### [Prompt]
Only the lines from the beginning of the data below through the line containing "طقم مستعمل • ٢ وسط ٤ كراسي • ميسان" belong in the response, each copied exactly.

### [Information given]
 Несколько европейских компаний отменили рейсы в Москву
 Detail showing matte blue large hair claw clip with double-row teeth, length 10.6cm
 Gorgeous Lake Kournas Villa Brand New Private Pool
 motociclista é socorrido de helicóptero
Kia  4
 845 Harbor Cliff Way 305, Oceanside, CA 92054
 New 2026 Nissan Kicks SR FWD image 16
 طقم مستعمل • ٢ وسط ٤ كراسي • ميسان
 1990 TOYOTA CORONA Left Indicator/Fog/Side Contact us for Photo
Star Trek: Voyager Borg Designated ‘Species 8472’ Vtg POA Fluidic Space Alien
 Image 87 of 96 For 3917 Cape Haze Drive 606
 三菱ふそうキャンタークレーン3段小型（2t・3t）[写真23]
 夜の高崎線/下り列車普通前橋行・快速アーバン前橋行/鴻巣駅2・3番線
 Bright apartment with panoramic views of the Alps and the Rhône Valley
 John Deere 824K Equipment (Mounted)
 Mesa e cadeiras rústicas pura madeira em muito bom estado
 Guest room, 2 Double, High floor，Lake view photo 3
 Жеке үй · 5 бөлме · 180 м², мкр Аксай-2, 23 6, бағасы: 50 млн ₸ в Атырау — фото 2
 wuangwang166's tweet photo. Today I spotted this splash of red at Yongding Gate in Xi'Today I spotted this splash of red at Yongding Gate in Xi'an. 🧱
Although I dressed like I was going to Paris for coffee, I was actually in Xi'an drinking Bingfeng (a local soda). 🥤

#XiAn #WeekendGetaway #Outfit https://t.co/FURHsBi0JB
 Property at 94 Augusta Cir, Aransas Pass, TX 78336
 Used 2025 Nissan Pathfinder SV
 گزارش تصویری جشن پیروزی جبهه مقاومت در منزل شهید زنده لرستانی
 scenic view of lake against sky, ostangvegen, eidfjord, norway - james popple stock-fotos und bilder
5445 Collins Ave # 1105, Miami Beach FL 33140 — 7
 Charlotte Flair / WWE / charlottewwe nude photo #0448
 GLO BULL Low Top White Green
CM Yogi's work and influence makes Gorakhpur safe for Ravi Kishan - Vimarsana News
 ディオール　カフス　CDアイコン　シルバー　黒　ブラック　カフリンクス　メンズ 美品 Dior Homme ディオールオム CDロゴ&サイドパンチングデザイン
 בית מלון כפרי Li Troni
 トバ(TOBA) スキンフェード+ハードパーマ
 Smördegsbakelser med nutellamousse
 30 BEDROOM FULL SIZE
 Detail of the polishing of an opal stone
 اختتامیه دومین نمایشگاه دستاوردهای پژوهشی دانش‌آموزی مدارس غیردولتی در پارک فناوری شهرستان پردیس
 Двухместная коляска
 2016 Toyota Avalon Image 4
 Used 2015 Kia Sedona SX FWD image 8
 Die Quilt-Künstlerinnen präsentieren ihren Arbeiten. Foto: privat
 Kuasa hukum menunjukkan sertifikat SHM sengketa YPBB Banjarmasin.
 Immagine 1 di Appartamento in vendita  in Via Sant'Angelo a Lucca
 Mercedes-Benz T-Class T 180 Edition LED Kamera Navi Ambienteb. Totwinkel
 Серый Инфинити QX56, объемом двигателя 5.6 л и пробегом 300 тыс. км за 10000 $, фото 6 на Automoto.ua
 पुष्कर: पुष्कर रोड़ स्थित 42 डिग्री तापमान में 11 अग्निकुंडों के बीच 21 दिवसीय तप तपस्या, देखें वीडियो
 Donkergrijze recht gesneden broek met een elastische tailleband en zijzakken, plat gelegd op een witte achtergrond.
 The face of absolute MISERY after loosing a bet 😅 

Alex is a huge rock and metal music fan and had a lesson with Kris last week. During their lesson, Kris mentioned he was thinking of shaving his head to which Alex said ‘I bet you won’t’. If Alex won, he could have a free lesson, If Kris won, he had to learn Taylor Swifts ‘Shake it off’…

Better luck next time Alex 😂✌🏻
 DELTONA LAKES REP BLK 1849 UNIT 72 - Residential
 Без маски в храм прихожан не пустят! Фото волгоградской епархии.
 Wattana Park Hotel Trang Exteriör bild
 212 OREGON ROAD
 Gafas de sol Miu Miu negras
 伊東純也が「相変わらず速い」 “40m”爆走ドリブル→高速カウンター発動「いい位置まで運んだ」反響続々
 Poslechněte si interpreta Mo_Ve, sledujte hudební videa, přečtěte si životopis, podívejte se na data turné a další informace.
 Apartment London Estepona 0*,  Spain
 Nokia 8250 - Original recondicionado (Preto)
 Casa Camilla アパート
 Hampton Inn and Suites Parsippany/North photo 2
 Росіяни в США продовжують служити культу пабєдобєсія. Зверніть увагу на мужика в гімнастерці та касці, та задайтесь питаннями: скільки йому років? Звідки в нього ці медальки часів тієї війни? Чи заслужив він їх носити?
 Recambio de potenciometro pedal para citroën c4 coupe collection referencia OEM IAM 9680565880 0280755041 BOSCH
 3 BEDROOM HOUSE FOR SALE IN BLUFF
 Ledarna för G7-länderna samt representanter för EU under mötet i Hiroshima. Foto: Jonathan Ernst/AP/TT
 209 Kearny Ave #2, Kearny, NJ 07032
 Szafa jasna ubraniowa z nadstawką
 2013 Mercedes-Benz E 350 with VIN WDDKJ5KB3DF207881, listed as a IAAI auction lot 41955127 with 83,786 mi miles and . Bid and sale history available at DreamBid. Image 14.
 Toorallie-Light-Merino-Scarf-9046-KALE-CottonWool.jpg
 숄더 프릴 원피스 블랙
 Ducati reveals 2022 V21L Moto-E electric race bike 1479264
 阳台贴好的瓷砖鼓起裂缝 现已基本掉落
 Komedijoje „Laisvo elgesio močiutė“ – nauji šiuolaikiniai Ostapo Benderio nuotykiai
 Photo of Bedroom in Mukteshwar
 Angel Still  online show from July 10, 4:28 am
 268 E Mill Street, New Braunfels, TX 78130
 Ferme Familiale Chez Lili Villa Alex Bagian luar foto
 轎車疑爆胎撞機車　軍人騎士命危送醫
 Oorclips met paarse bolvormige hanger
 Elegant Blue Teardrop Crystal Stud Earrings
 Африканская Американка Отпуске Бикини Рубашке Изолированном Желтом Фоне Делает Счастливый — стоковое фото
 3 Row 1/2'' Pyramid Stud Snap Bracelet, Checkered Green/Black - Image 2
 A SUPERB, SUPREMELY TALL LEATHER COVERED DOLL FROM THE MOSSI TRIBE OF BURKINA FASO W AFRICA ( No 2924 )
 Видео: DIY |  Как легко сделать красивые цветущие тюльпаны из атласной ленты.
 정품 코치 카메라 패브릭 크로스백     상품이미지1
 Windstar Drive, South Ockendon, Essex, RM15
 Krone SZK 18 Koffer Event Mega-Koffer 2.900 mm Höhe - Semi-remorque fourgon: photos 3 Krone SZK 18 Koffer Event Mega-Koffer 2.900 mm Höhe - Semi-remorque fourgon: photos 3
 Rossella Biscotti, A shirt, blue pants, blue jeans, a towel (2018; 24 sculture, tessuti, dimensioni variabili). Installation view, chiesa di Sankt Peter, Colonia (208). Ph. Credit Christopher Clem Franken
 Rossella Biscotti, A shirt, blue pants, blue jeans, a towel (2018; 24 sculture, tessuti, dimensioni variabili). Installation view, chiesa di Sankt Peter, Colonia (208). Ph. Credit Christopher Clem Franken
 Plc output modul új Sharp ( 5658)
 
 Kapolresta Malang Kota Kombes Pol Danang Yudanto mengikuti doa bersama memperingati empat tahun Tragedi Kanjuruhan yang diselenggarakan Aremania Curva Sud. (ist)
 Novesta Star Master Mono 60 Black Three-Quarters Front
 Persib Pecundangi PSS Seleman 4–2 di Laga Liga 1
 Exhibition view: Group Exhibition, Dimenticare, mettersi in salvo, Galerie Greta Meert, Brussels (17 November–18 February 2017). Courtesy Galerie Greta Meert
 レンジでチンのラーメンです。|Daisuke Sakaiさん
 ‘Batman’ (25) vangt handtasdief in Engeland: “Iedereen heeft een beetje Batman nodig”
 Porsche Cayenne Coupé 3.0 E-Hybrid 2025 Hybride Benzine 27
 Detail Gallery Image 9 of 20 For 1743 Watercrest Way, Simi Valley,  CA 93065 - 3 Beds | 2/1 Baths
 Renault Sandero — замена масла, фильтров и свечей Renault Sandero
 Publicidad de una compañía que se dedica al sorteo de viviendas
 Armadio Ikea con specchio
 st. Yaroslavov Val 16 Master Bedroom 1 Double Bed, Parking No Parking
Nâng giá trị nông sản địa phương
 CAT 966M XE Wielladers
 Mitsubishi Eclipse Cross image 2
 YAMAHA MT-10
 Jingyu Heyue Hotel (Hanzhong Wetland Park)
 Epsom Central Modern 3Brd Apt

### [Problem solution]
 Несколько европейских компаний отменили рейсы в Москву
 Detail showing matte blue large hair claw clip with double-row teeth, length 10.6cm
 Gorgeous Lake Kournas Villa Brand New Private Pool
 motociclista é socorrido de helicóptero
Kia  4
 845 Harbor Cliff Way 305, Oceanside, CA 92054
 New 2026 Nissan Kicks SR FWD image 16
 طقم مستعمل • ٢ وسط ٤ كراسي • ميسان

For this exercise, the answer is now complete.